━━━━━ MATERIAL TO PROCESS

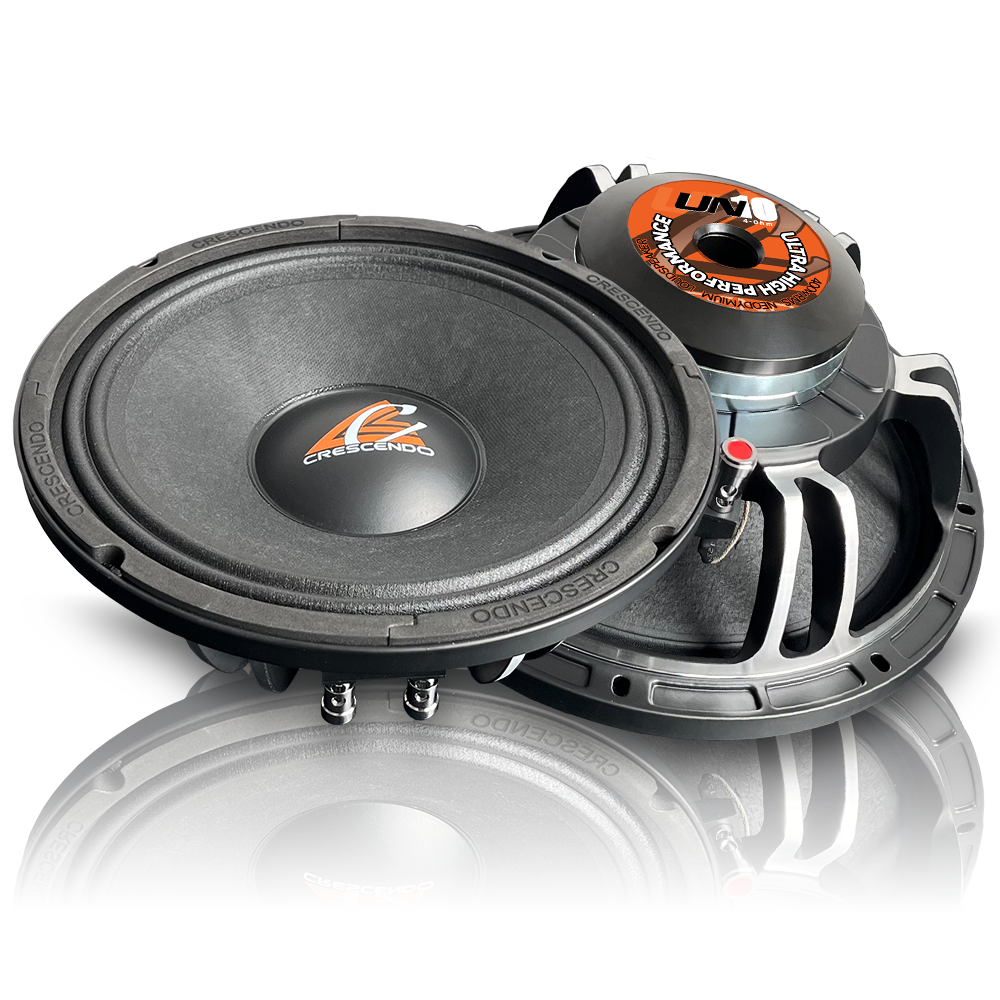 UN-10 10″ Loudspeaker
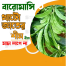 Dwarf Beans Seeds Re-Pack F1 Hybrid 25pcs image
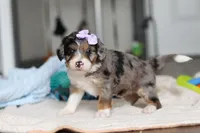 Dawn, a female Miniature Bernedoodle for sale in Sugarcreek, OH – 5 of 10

━━━━━━━━━━
━━━━━ MATERIAL TO PROCESS

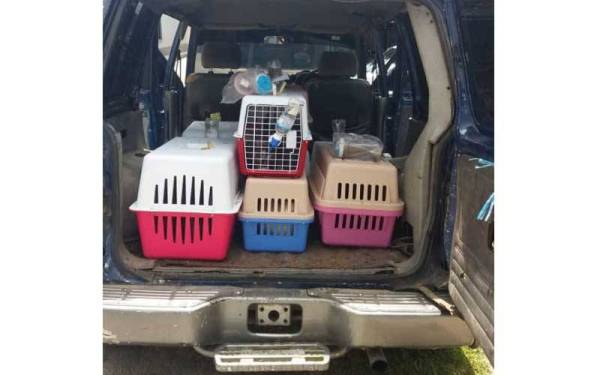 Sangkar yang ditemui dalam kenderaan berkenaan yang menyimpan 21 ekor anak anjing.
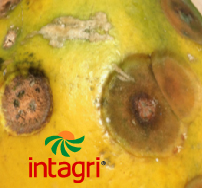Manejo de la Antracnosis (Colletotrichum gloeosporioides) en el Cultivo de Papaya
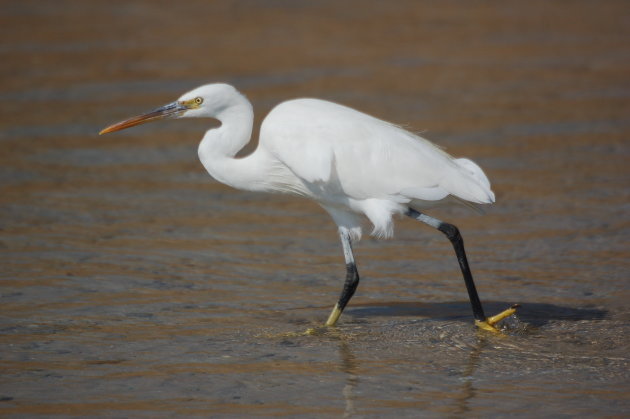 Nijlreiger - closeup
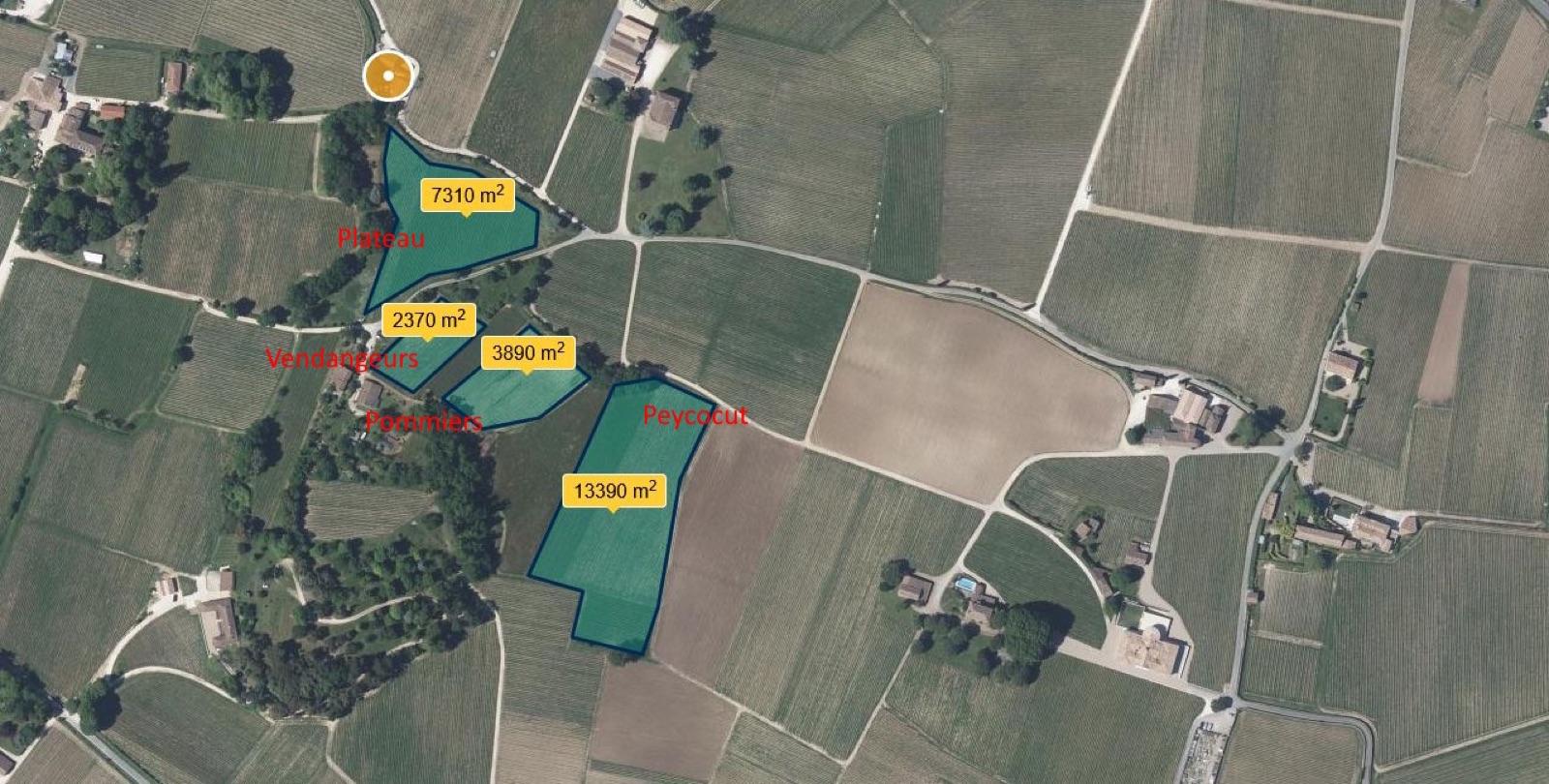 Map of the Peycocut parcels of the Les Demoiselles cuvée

━━━━━━━━━━

**EXERCISE DETAILS**:
Quote word for word only the lines above from the one containing "Nijlreiger - closeup" through the one containing "Map of the Peycocut". Pictures stay out of your copy.

**ANSWER FOR THE TASK**:
 Nijlreiger - closeup
 Map of the Peycocut parcels of the Les Demoiselles cuvée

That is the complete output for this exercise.